↓↓↓
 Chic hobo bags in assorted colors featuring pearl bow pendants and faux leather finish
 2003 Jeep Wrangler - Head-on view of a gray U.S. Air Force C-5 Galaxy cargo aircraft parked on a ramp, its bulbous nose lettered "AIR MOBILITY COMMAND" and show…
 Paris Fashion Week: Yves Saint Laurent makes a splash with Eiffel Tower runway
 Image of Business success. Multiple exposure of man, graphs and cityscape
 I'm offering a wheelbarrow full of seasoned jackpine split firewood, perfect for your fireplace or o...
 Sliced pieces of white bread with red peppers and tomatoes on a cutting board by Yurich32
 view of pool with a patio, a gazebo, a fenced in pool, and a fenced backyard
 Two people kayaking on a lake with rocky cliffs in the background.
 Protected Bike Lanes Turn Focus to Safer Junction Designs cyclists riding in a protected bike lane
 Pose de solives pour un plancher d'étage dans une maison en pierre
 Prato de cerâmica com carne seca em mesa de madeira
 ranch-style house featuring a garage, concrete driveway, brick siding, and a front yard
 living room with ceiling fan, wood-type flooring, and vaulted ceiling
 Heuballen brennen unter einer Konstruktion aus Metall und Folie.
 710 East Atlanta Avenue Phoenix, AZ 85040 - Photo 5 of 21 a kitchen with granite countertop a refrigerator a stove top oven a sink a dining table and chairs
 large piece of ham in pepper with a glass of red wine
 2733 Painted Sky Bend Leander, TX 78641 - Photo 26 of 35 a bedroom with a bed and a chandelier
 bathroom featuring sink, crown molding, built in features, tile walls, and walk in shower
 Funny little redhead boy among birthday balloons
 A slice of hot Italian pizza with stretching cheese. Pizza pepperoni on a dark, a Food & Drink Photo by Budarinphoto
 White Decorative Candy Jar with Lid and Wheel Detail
↑↑↑
#### [WHAT IS BEING ASKED]
Every line above from the line with "Image of Business" to the line with "Sliced pieces of", both included, must be reproduced exactly, and no other line may appear.

#### [OUTPUT OF THE TASK]
 Image of Business success. Multiple exposure of man, graphs and cityscape
 I'm offering a wheelbarrow full of seasoned jackpine split firewood, perfect for your fireplace or o...
 Sliced pieces of white bread with red peppers and tomatoes on a cutting board by Yurich32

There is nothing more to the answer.